1. 8

  2. 5

    Define your destructors outside the class declaration so they don’t get inlined by the compiler in both functions — the caller and the callee that returns the optional — to avoid binary size increase.

    As we recently found out, that’s a problem for Rust as well: https://github.com/rust-lang/rust/issues/88438

    1. 3

      Interesting. Both langauages have similar challenges.

      One huge advantage of Rust is that the compiler can statically determine a destructor is not necessary after moving a value. That helps with the problem I’ve described in the article.

      1. 1

        AFAIK the code to statically determine whether a destructor needs to be run after a move in Rust is:

        return false;
    2. 1

      Define your destructors outside the class declaration so they don’t get inlined by the compiler in both functions

      I don’t believe that trick will work when building with LTO, since then any function is eligible for inlining, whether or not it’s in a header.

      I generally build releases with both LTO and -Os; the latter tames excessive inlining.

      1. 2

        When performing the LTO, the compiler (or linker) has a global view of the code and can decide not inlining a destructor that’s called in many places. As you said, -Os helps with that.

      2. 1

        Like you said, this all leads back to the problem that move constructor implementations can vary in how expensive they are to call. Google protobuf performing a full copy if other arena id != this arena id is surprising to me, although it does comply with the C++ standard. It would be better if they reassigned ownership in their Arena allocator. Does anyone know of an easy way to instrument C++ move constructors to detect how expensive they are? If there is a solution with static analysis that would be even better. It would also be helpful if we could manually decorate a move constructor that is expensive in such a way that std::optional warns us if it calls the expensive move.

        A crude way to do this would be to define an interface that has a method bool moveIsExpensive() and log when std::optional is used with an expensive move constructor. And by making a wrapper myproj::optional:

        namespace myproj {
        // interface to describe whether move constructor is expensive
        class MoveCost {
        bool moveIsExpensive()=0;
        class Object : public MoveCost {
        Object(Object&& other) { ExpensiveCopy(other) }
        bool moveIsExpensive() { return true; }
        template <class T>
        class optional {
        std::optional<T> m_optional;
        optional(T o) : m_optional(o) {
          if (DEBUG) {
            auto expense = dynamic_cast<MoveCost>(&o);
            if (expense) {
              std::cerr << "warning at " << __file__ << ':': << __line__
                << ": myproj::optional calling an expensive move constructor." << std::endl;
        // delegate the rest to m_optional

        Then you could make a myproj::optional<Object> and get a warning at runtime.

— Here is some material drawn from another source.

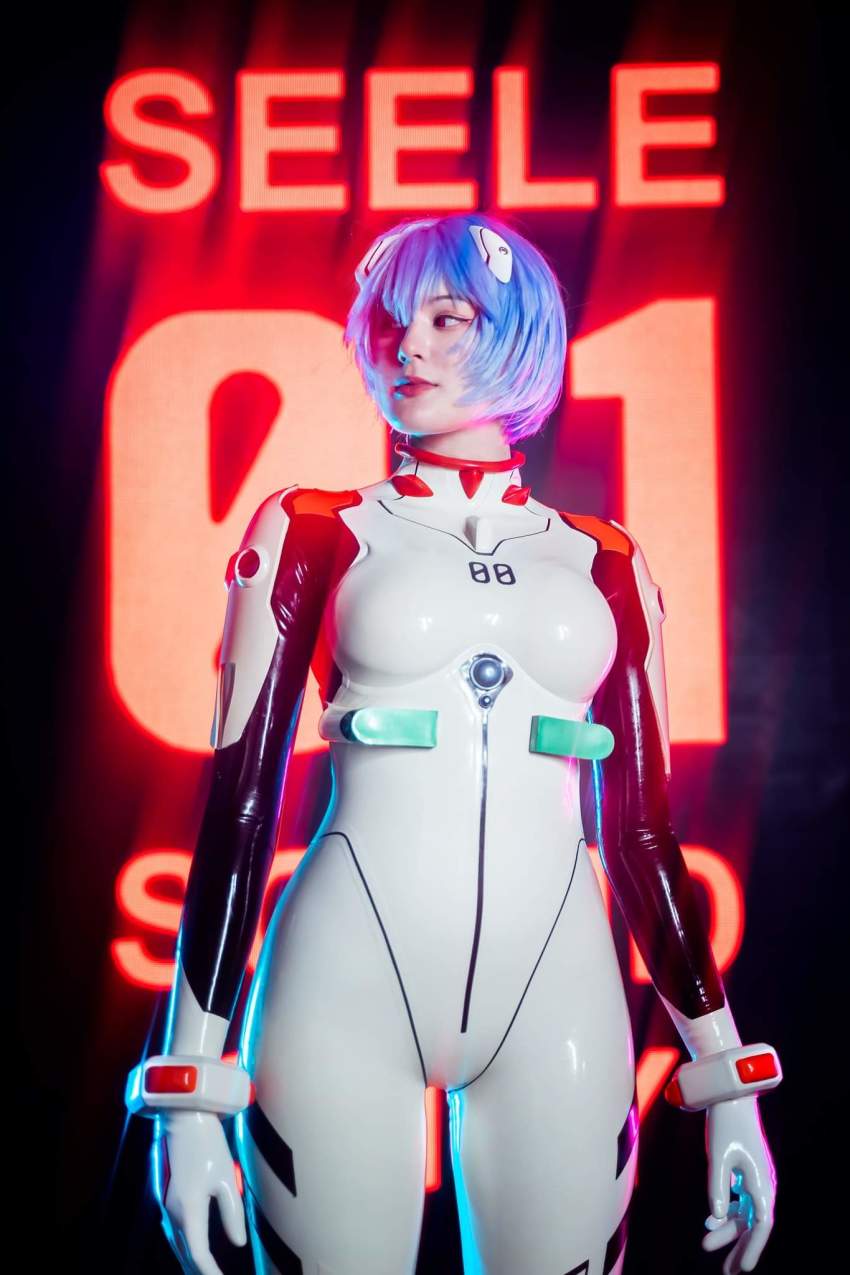 1girl ayanami_rei ayanami_rei_(cosplay) blue_hair cosplay female_focus highres mecha_pilot_suit neon_genesis_evangelion photo_(medium) plugsuit_(cosplay) plugsuit_(evangelion) seele_(evangelion) tagme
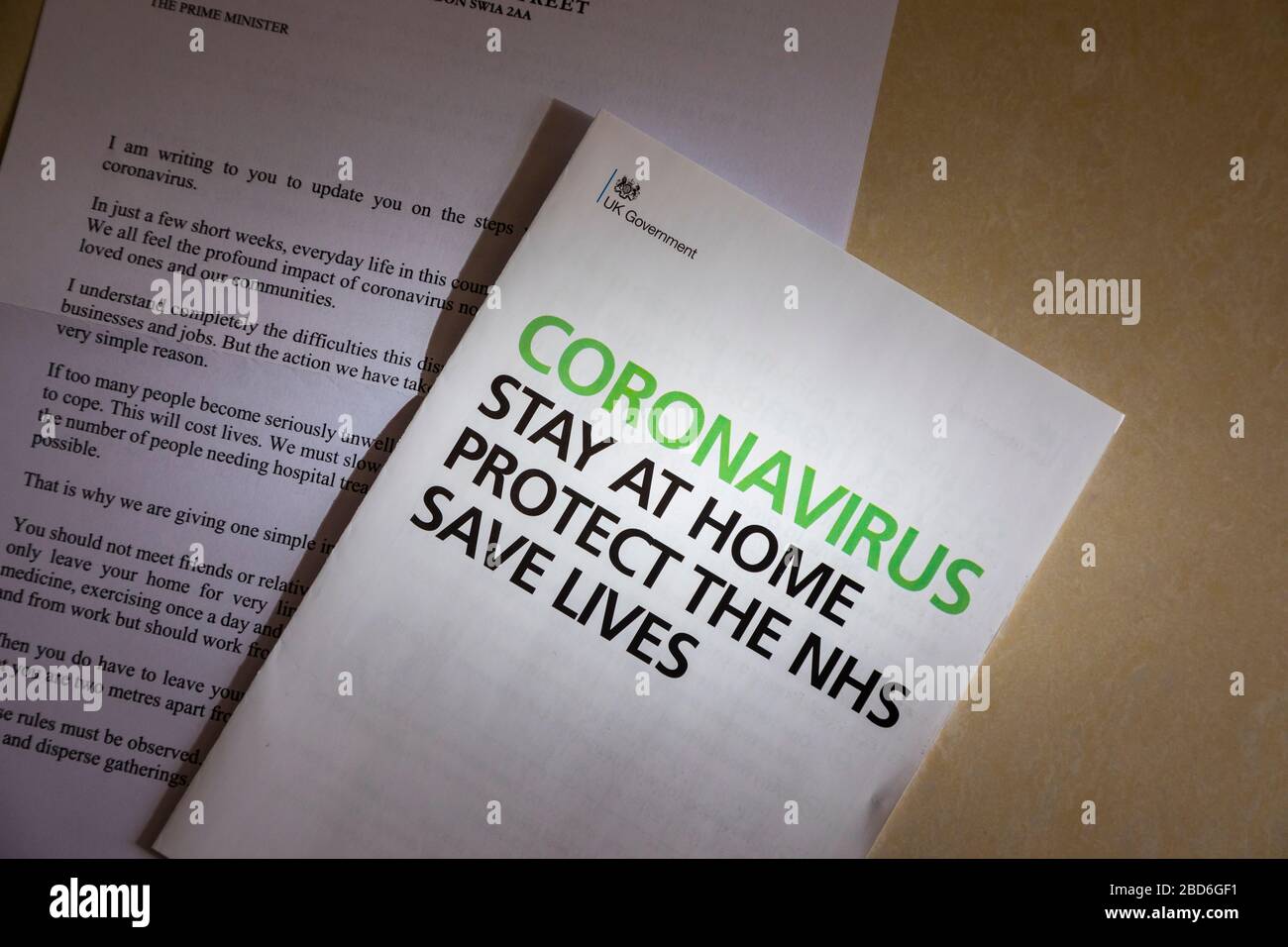 Coronavirus message from the UK Government in a letter and booklet posted to every home: stay at home, protect the NHS, save lives Stock Photo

        EDIT: As an aside - would it be better to prefer std::unique_ptr over std::optional for code that returns Google protobuf messages? That would only ever call a single std::move. Or are the ownerships semantics too restrictive for this use case?

        1. 2

          About your EDIT paragraph:

          I think that’s better for binary size, but I still think output parameters is the way to go because you should leave the decision of where to allocate the protobuf object to the caller.

          If the caller wants to use an Arena (like Google backends do), you make it impossible to use your function by allocating the object in the unique_ptr. Impossible without a copy which is undesirable and avoidable.

          What if the caller has that object from a previous iteration in a loop? Reusing protobuf objects reduces the number of memory allocations as google:: protobuf::ParseFromString reuses the allocated buffers when populating the message again.

          1. 2

            You could allow the allocator and/or deleter to be overloaded via template parameters of the function that returns the unique_ptr. But at that point the function signature would be pretty noisy. And the caller would have to provide said allocators and deleters. I agree that the output parameters is the way to go.

            1. 2

              Noisy and you would lose the ability to compile them separately — templates have to be declared and defined inline.